When shopping for pneumatic tires, you have a choice between bias and radial construction. Bias remains the overwhelming market leader. Not only is it less expensive, it has a strong, stiff sidewall to protect against construction debris, as well as the skidding action placed on the tire each time the machine turns, says Ganz.
But radials have become more popular since their introduction to the market about five years ago. To protect their characteristic sidewall "bulge", some radials are constructed with multiple layers of steel belts in the tread and sidewall to repel nails, staples, etc., Tolman explains. "With the steel belts, we can maintain puncture resistance without sacrificing suspension," he states. "And radials have a long life because with the suspension they provide, it's no longer a case of the ground gives or the tire gives. The radial is able to flex to the surface it's on. It conforms and gives less resistance to objects to decrease the wear of the tire."
Both radial and bias provide better traction and a softer ride compared to filled and solid tires. "As soon as you fill a tire, you basically turn it into a solid," says Ganz. "Unless you have fill that acts as air, the tire doesn't flex. A tire gives its best traction when it flexes so it can clear the mud from the tread."
As for ride quality, the only suspension on a skid steer comes from the tire itself. "Without any air, you'll feel every bounce and bump and every rock you roll over," says Tolman. "Your load can also be affected.

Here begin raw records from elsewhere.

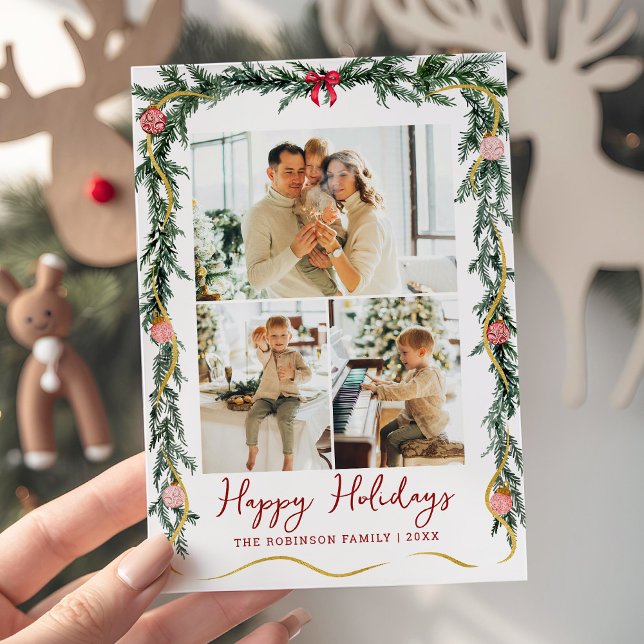 Tarjeta Festiva Sencillos jardines de vegetación Felices Fiestas 3 (Subido por el creador)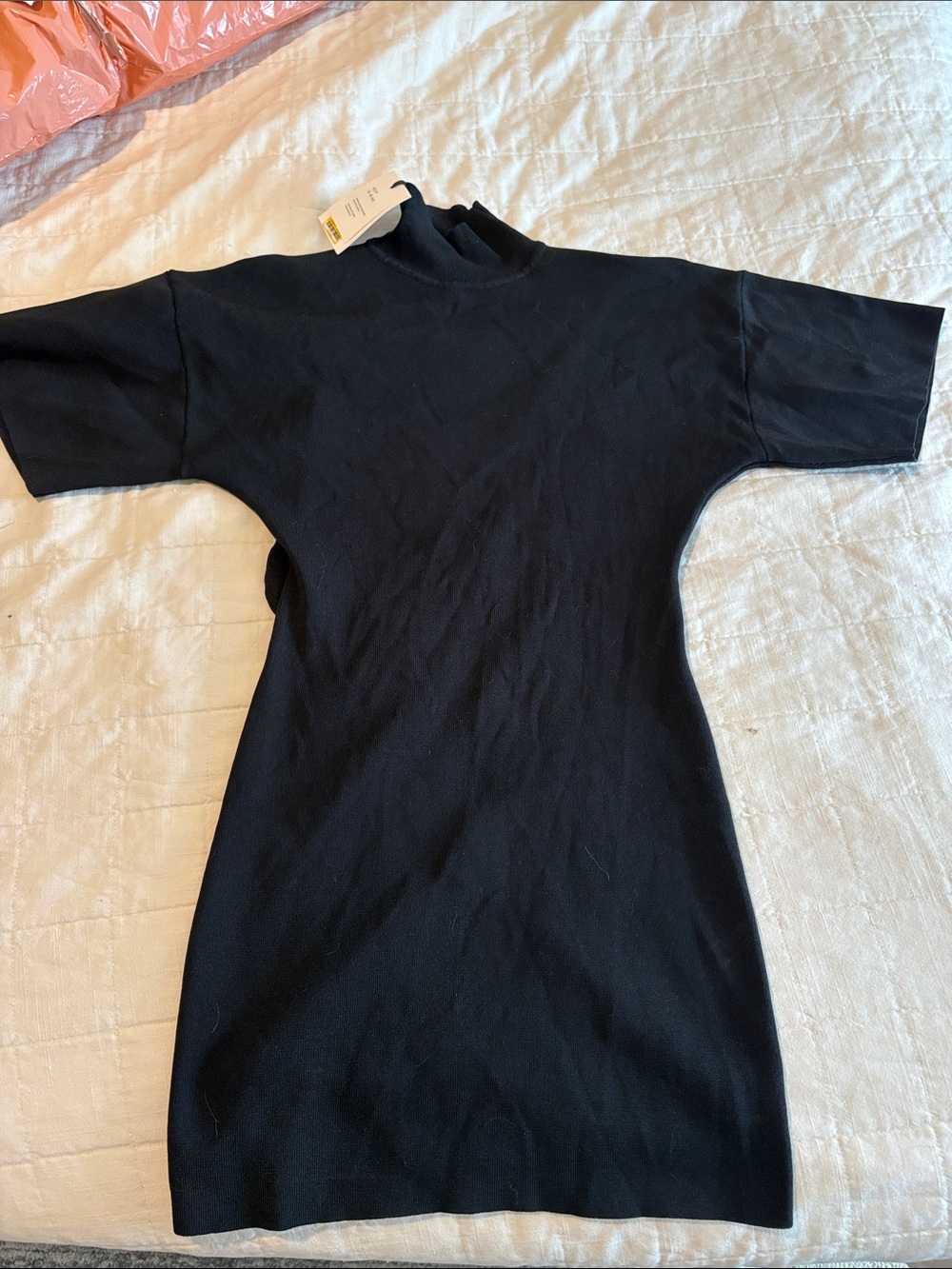 KBB Kalana Black Short-Sleeve Cutout Knit Dress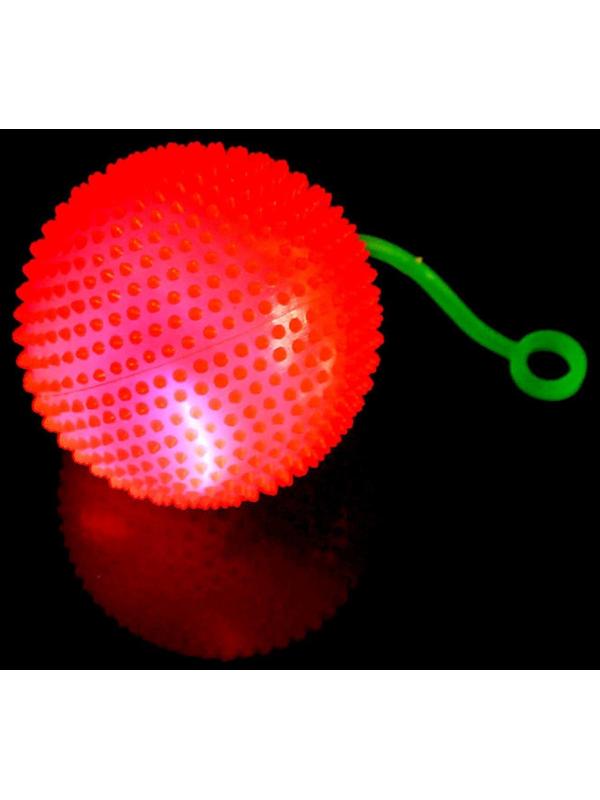 Мяч «Ёжик», световой, на резинке, микс, 1 шт.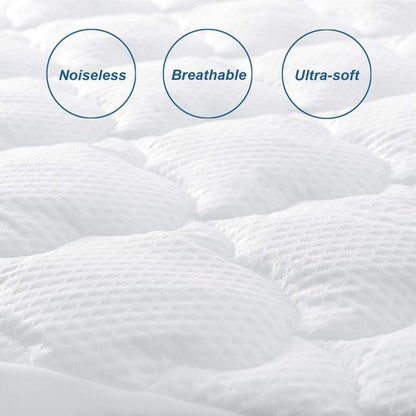 Queen Mattress Pad Thick Quilted Mattress Topper, Air Mattress Cover, Super Soft Breathable and Noiseless Down Alternative Fiber Extra Thick Mattress Pad with Deep Pocket Fits up to 23 Inch Mattress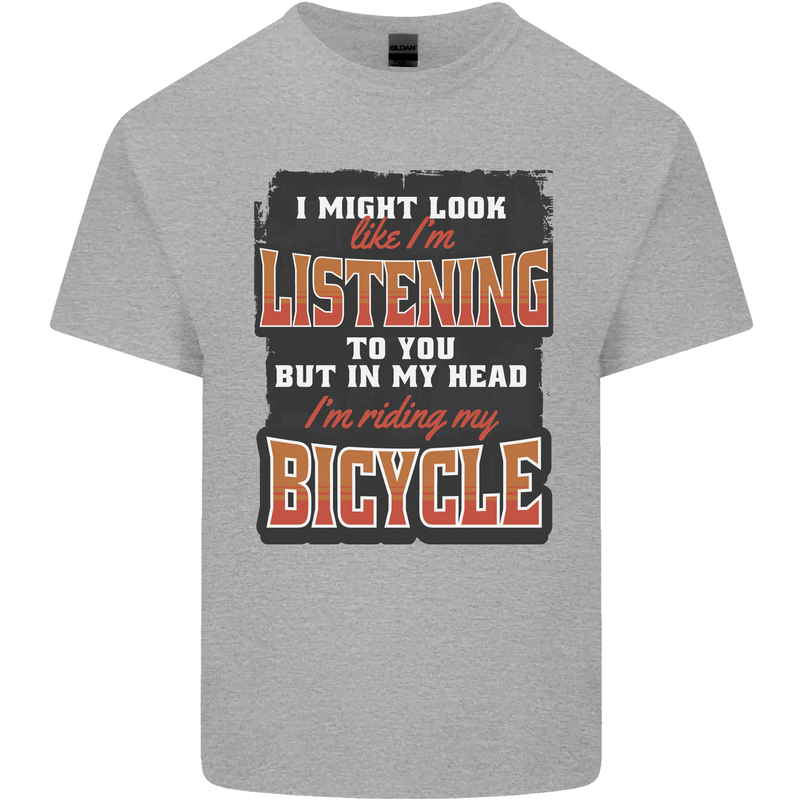 In My Head I'm Riding My Bicycle Bike MTB Kids T-Shirt Childrens Sports Grey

If you hit a rock, it can shift and you risk dropping it."
"When you have a concrete-hitting-concrete approach, you can increase the maintenance of the machine," adds Ganz. "There is no give, and all the bolts work a little harder."
But the "softness" of a pneumatic tire comes at a price: greater susceptibility to flats.
Filling provides a radial or bias tire with increased puncture resistance. Fill, such as that provided by Arnco, is actually a solid polyurethane core rather than "foam," explains Bob Giasson, director of marketing and OEM sales at Arnco.
"It's a solid urethane elastomer that acts as a flat-proofing agent," he says.
Polyurethane fills are gauged on a hardness scale, or durometer, from 0 to 100 to provide desired ride and tire deflection characteristics based on the application. A tire filled with a low durometer, such as an 8 Shore A hardness, will have a softer ride than one with a higher durometer, such as a 55 Shore A hardness. A solid rubber tire has a hardness rating comparable to about 70 Shore A.